Below are links to the various indigenous news stories that were published online in Chile on September 9, 2010.
Mapuche Hunger Strike
As the Mapuche hunger strike reached day 60, the Chilean media had much to report on the strike, most notably about four Deputies who not only joined the hunger strike themselves (other sources: here, here, and here), but also managed to get thrown out of the Temuco prison when trying to visit the prisoners there (other sources: here, here, and here). They have their reasons for joining the strike, but thus far have been met with mixed reactions–more negative than positive.
Another major source of news on the Mapuche hunger strike came from two religious denominations in Chile–the Catholic Church and the Evangelical Church. The Catholic Church made its position clear on the issue, calling for the branches of the Chilean government to find a way to end the hunger strike. (The actual document published by the Church can be found here.) The Catholic Church, while saying it will continue to facilitate communication where it can, ruled out the possibility of mediating the conflict. President Piñera thanked the Church for their guidance and desire to end the hunger strike.
Meanwhile, the Evangelical Church, following the lead of Bishop Emiliano Soto, has already begun acting as an intermediary between the Mapuche prisoners and the Chilean government. On Thursday, Bishop Soto met with the prisoners in Temuco and then called for Piñera to listen to and take seriously their demands.
In addition to the four Deputies and church officials who controlled much of the news cycle, there were also several articles detailing support for the Mapuche political prisoners both abroad (for instance: here and here) as well as locally (for instance: here, here, and here).
President Piñera sent a second amendment to the Antiterrorism Law to the Congress today. The text of the amendment was not released and has to go through the Congress before it becomes law, but according to Piñera in relates to four goals: better defining terrorism; strengthening due process for those tried under the law; assure that the penalties are justified for the crimes committed; and improve the State’s capacity to investigate such crimes.
Rapa Nui Update
On Thursday, there was supposed to be a meeting between representatives of the Hito clan (who are responsible for the ongoing occupation of the Hotel Hanga Roa), the Schiess family (who own the hotel), and new Governor Carmen Cardinali, but it was postponed until Monday. Still, Verónica Hito, a spokeswoman for the clan, took the chance to make clear that the goal of the meeting is not to remove the Schiess family from the land, but to find a way that the land can be returned to the Hito clan peacefully. Governor Cardinali stated that she was asked to mediate, but that the problem is not a governmental one, but between the two families.

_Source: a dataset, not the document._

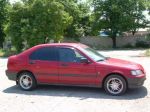 1996 Honda Civic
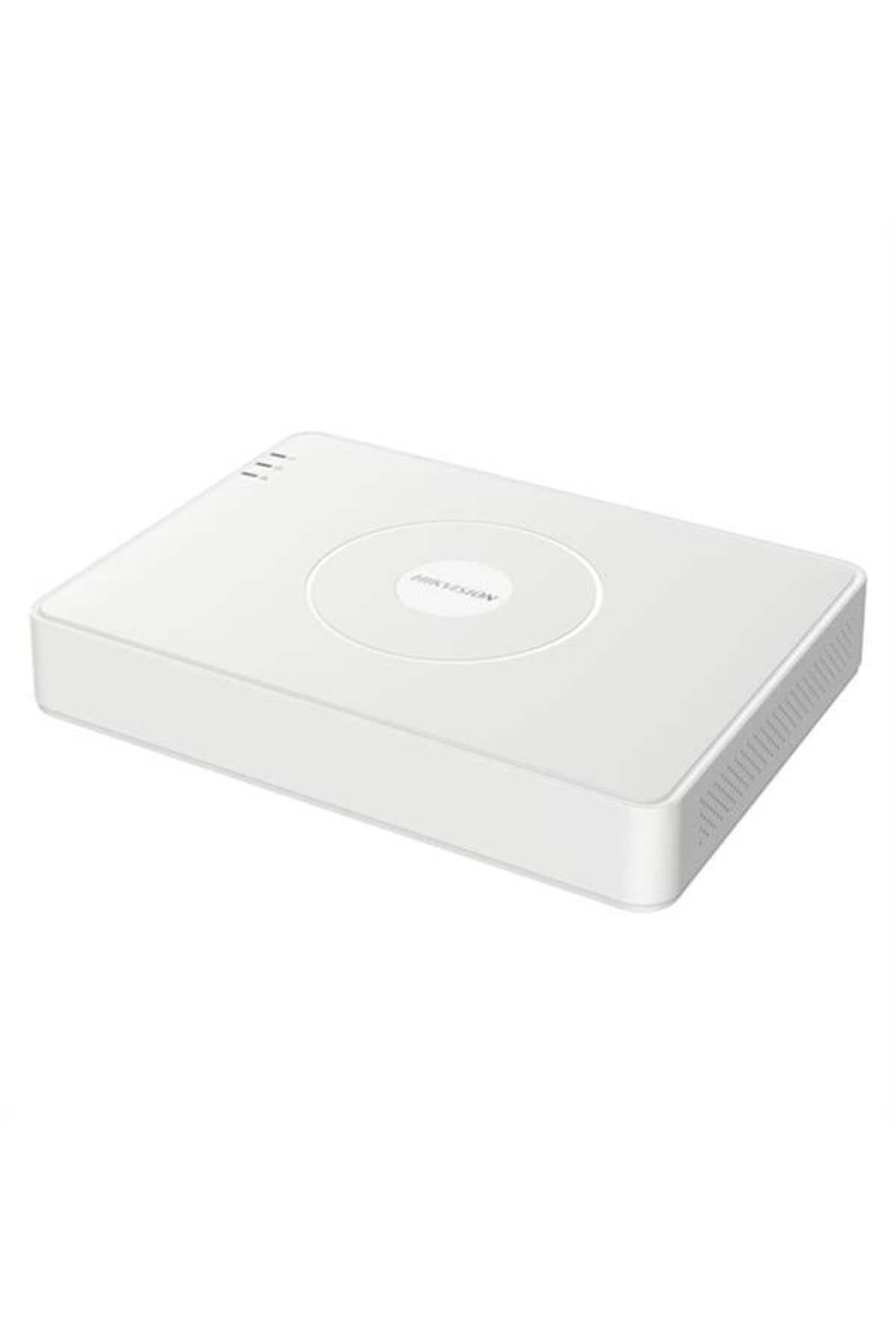 Pazarcan Hikvision 16-24 Kanal Analog - Ip Dvr Kayıt Cihazı (DS-7116HQHİ-K1)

In other news from the island, Leviante Araki, the President of the Rapa Nui Parliament, threatened to end talks with the Chilean government and begin governing themselves. Araki said that the Rapa Nui demands are simple–they want their land and the ability to govern it.
Government Officials Visit Communities in Arica
The Undersecretary of Regional Development, Miguel Flores, and the Minister of Foreign Affairs, Alfredo Moreno, visited the villages of Esquiña, Codpa, Guañacagua and Chitita. At the end of their tour, they took part in a pawa–an Aymara ceremony that blessed the two men’s presence on their land.
Piece of Diaguita History Found
A man near La Serena accidentally found some pre-Columbian artifacts of the Diaguita people. The artifacts were taken to the proper authorities, who are unnamed in the article. Although not mentioned in the article, the Diaguita people–who were only recognized by Chile in 2006–currently make up approximately 1.3% of the indigenous population living in Chile.